Work required:
Everything from the line containing "Pure Cotton 2" to the last line of the material below must be retyped exactly, both ends included; skip the pictures.

Provided material:
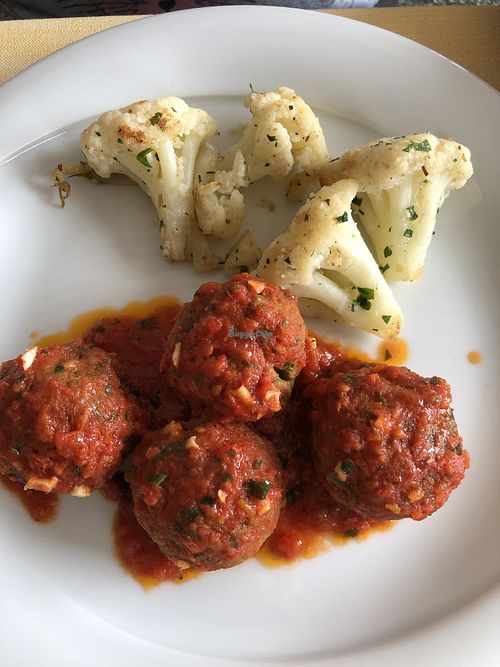 Polpette di lenticchie con sugo della nonna  at Hotel Ristorante Onda Azzurra in Albisola Superiore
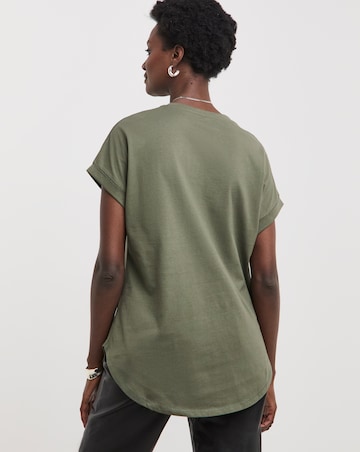 Pure Cotton 2 Pack Short Sleeve Curved Hem Longline Top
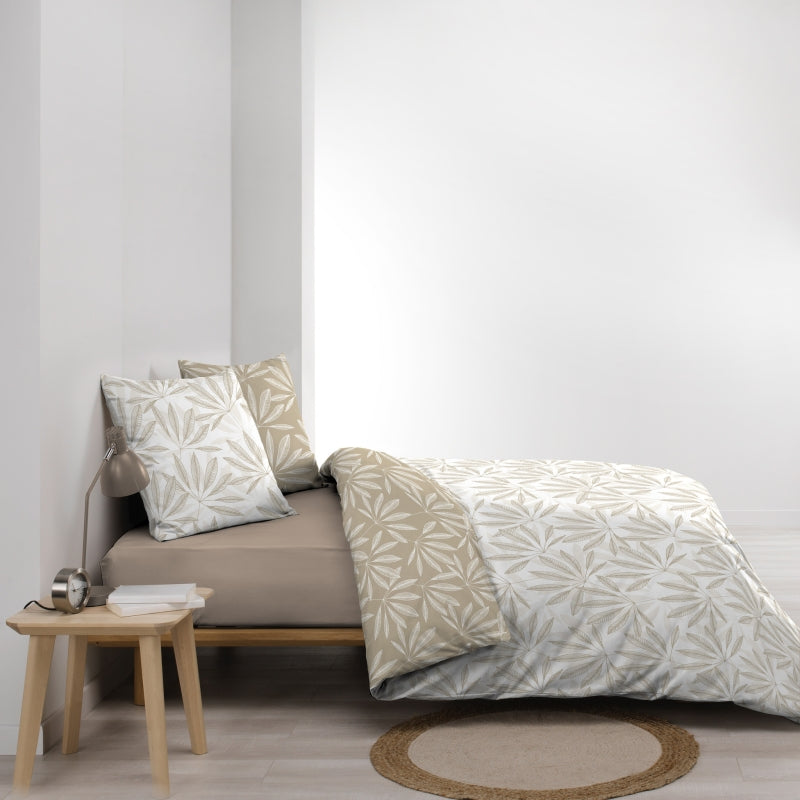 Parure de couette JAKU naturel 240x220 cm (3 pièces)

Solution below:
 Pure Cotton 2 Pack Short Sleeve Curved Hem Longline Top
 Parure de couette JAKU naturel 240x220 cm (3 pièces)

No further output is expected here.